Community Is Everything
On my first day at New York Film Academy one of the professors said that the relationships we will make in school will be more valuable than anything that we learn. And my first thought was, well, that can’t be true. And boy, is it ever. The people I met in the documentary program ended up being all the key players on my crew. And long after we were done shooting, we are still in contact from all corners of the world to give advice, celebrate wins, and collaborate on future projects.
Building or joining a community of like-minded individuals is what allowed me to fast-track distribution of my film. I learned more in three months from the film groups I joined than I would’ve learned in the same amount of time in college. Seasoned filmmakers were more than happy to share information, contacts, insider tips, and so much more that was critical for my career change. Surround yourself with people who have similar goals and find mentors who are doing what you strive to achieve.
All Feedback Is Good Feedback
Let people see your film. It can be nerve wracking to put your art out into the world, even more so to let people critique it, and the most painful to hear people say they don’t like it, but it’s all necessary. This invaluable feedback, good and bad, will make your next project better. And will help you to understand what worked and what didn’t with the audience – because in the end, that’s what matters.

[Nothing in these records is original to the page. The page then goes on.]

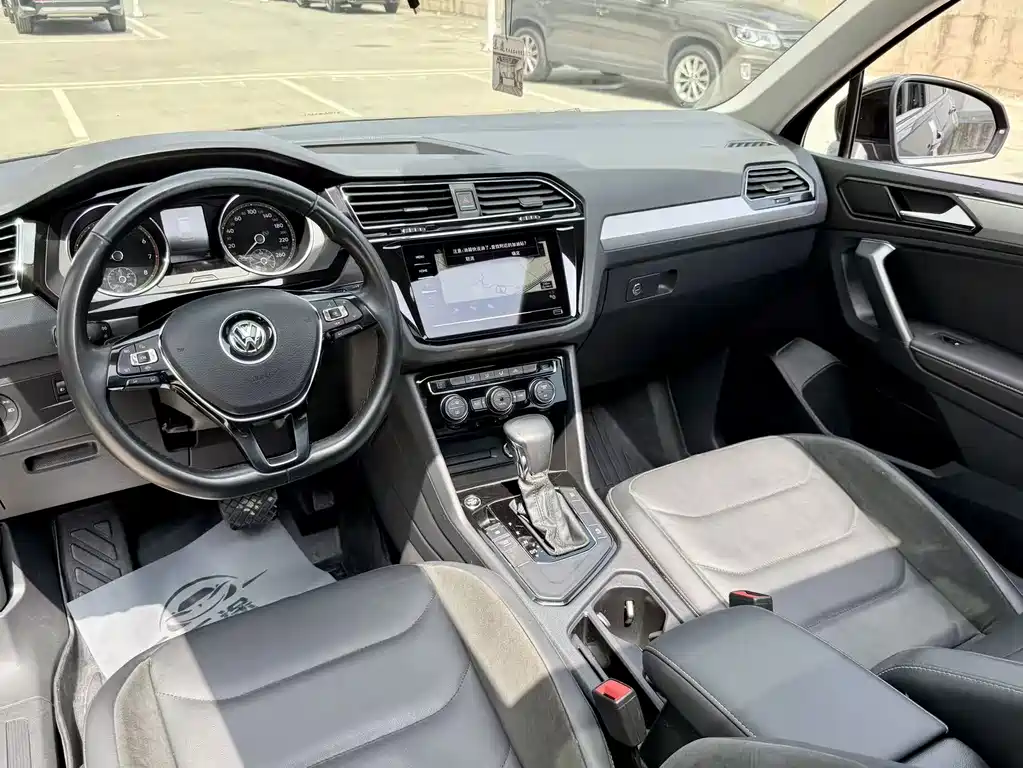 Volkswagen Tiguan L — фото 6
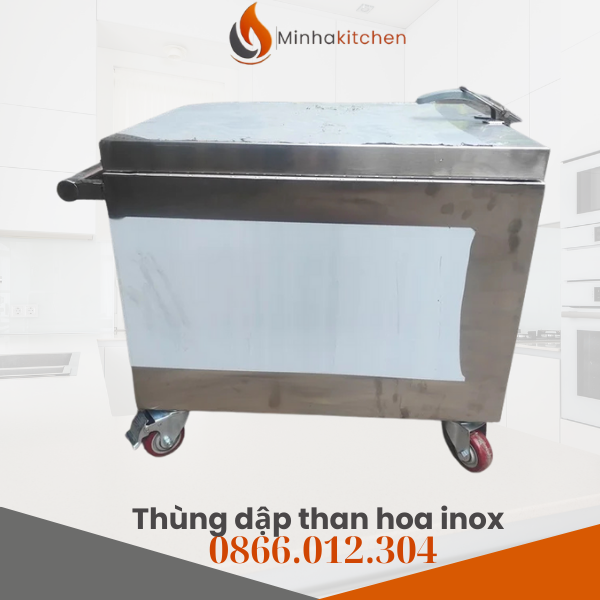 1. Giới thiệu về thùng dập than hoa inox Trong các quán nướng, nhà hàng BBQ hay quán ăn đường phố, việc xử lý than dư sau khi phục vụ khách là một khâu quan trọng. Nếu không có giải pháp an toàn, than còn cháy dở có thể gây cháy nổ, khói bụi khó chịu và làm giảm hiệu suất phục vụ. Đó là lý do tại sao thùng dập than hoa inox trở thành lựa chọn hàng đầu, vừa an toàn, vừa tiết kiệm, lại dễ sử dụng. Không chỉ phù hợp cho nhà hàng, quán nướng tại Hà Nội, sản phẩm còn được nhiều hộ gia đình yêu thích BBQ tin dùng.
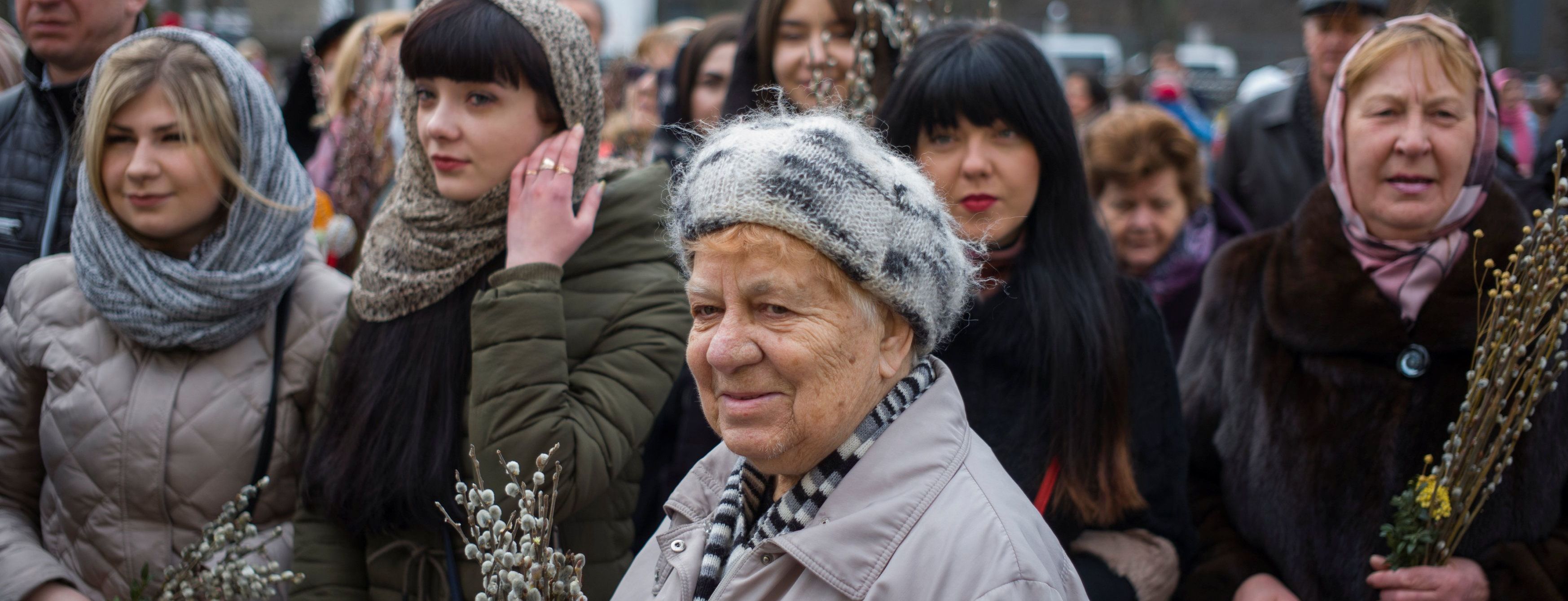 Ветви вербы и брызги святой воды. Как в Киеве отмечают Вербное воскресенье  — Киев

Always Have Your Next Project Idea Ready
You never know who you will meet or when and where you will meet them. It is always good to be prepared to talk about not only your current project but what you have coming down the pipeline. And if you have any distribution meetings set up, you definitely want to have pitches for future projects ready to go. Sometimes the project you are currently working on won’t be a good fit at the time, for a variety of reasons – maybe the distributor or network are already working on something very similar or maybe they are focused on a certain genre or topic. But they may still like your work, or your energy, and may want to work with you down the line. That’s where having pitches ready to share for future projects comes into play. If you don’t get a contract today, you can always get one in the future, or simply start the process.
Patience Is A Virtue
The filmmaking process is long…very long. The ability to wait without getting frustrated will go a long way, especially when you’re making documentaries. Characters in your film will reschedule, change their mind, decide they don’t want to be on camera all of a sudden, you’ll get great interviews and footage one day and terrible interviews with the same person the next day, I could go on and on. This is all a part of the process, and it’s important to keep that in mind and not let it frustrate you. Instead, plan for it and when this happens, make use of those days the best you can, by capturing great b-roll or shooting any conflict that arises, for example.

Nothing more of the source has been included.